4, 8, 15, 16, 23 and 42 | Muscle Beach

 

August 14 – September 4, 2014 | Littman Gallery

Reception: Thursday, August 14, 2014 | 7–10pm

During a 2011 conference at the Institut fur Kunstkritik in Frankfurt, Ina Blom gave a talk exploring the ways in which artworks can take on human characteristics, and to some extent function as subjects rather than objects. Titled Media Animism, the talk was specifically referencing the work of Rachel Harrison, explaining that this “sensation of the live and the living” seems to be “the function of a certain collapse in the distinction between two-dimensional images and three-dimensional constructions.”[1] The personification of artworks is a common tool of art criticism, but the idea that a work can actually function as a subject seems to be more recent. This notion opens up many possibilities, not only that artworks can have specific personality traits and idiosyncrasies, but also that these personality traits can develop and change over time, perhaps depending on the habits of the other works in an exhibition.
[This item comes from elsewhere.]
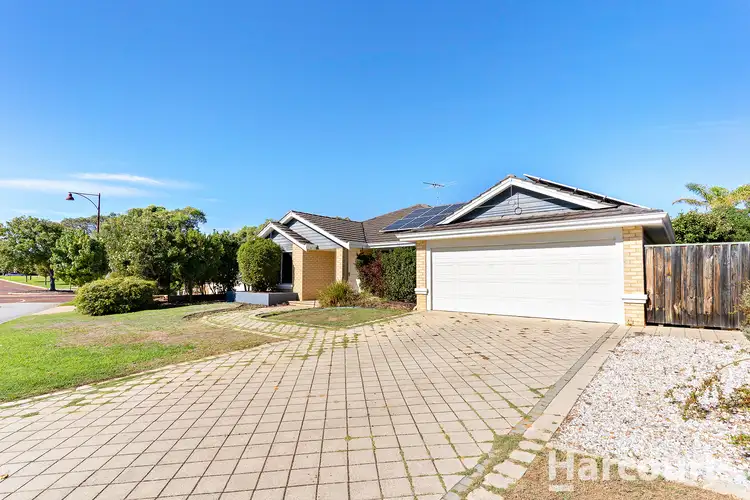 Second view of Homely house listing, 9 Chantilly Circuit, Meadow Springs WA 6210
In the popular ABC television series LOST, the numbers 4, 8, 15, 16, 23 and 42 were originally introduced as a serial number located on the hatch of an underground DHARMA Initiative station. Over the course of the show it became clear that these numbers in fact referred to six characters, selected as the final candidates to replace Jacob as protector of the island.
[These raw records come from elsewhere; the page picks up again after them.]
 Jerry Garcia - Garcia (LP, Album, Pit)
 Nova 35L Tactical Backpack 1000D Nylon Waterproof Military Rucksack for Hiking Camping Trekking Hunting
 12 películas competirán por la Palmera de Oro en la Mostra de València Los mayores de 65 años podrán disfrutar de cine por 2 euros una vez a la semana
The works selected for this show in many ways exemplify the “sensation of the live and the living” that Blom discusses in Media Animism, through the collapsing of different aspects of space and time, not unlike the supernatural qualities of the island on which the characters of LOST are stranded. Like these characters, the works selected have been given the task of communicating with each other in order to explain and define the environment in which they exist. The exact relationship they bear towards one another is not yet clear, and will develop over the course of the exhibition.